How many scientific instruments built in 1965 are still alive, kicking, and making important discoveries today? Fifty-one years on, the Molonglo Observatory Synthesis Telescope (MOST) is not only one of the coolest-looking telescopes, but it’s now been upgraded to help astrophysicists discover some of the rarest events in the Universe.
The largest radio telescope in the Southern Hemisphere, MOST is nearly 1-kilometre long, and combines 7,744 individual radio antennae. That means it’s able to ‘listen’ to events occurring in the distant Universe, and back in the ‘60s, MOST discovered some of the most exciting objects in the Universe, such as pulsars. Now it has a new mission – to detect mysterious fast radio bursts, and other short-lived astrophysical phenomena by taking 1,000 photos every single second.
Despite the telescope’s impressive track record, it wasn’t quite able to handle this new task in its original state.

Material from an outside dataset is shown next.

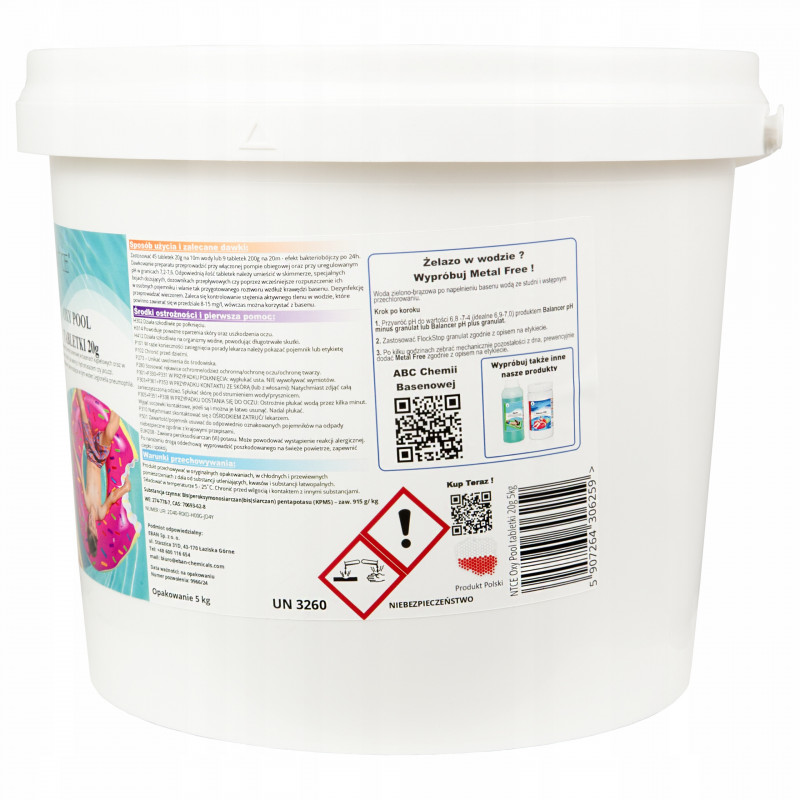 Tabletki z aktywnym tlenem do dezynfekcji wody basenowej Oxy Pool NTCE 20 g - opak. 5 kg Tabletki z aktywnym tlenem do dezynfekcji wody basenowej Oxy Pool NTCE 20 g - opak. 5 kg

But it’s now been upgraded by researchers from Swinburne University of Technology to handle an impressive 22 gigabytes of data a second, enough to allow it to photograph the Universe every millisecond.
The biggest change was the upgrade of the telescope’s outdated analogue technology. A team led by Matthew Bailes, from Swinburne’s Centre for Astrophysics and Supercomputing has now written new software to improve data collection and processing.
"The powerful supercomputer that Bailes and Swinburne have provided makes this an exceptional telescope for exploring the transient sky with fast and flexible cadence," said Anne Green, an astrophysicist at The University of Sydney who was involved in the project. The new upgrade also installed new signal-processing computers, which are able to sift through all the data being produced.
After a five-year hiatus, the telescope is now back up, but is only running at a quarter efficiency as the final touches are finished.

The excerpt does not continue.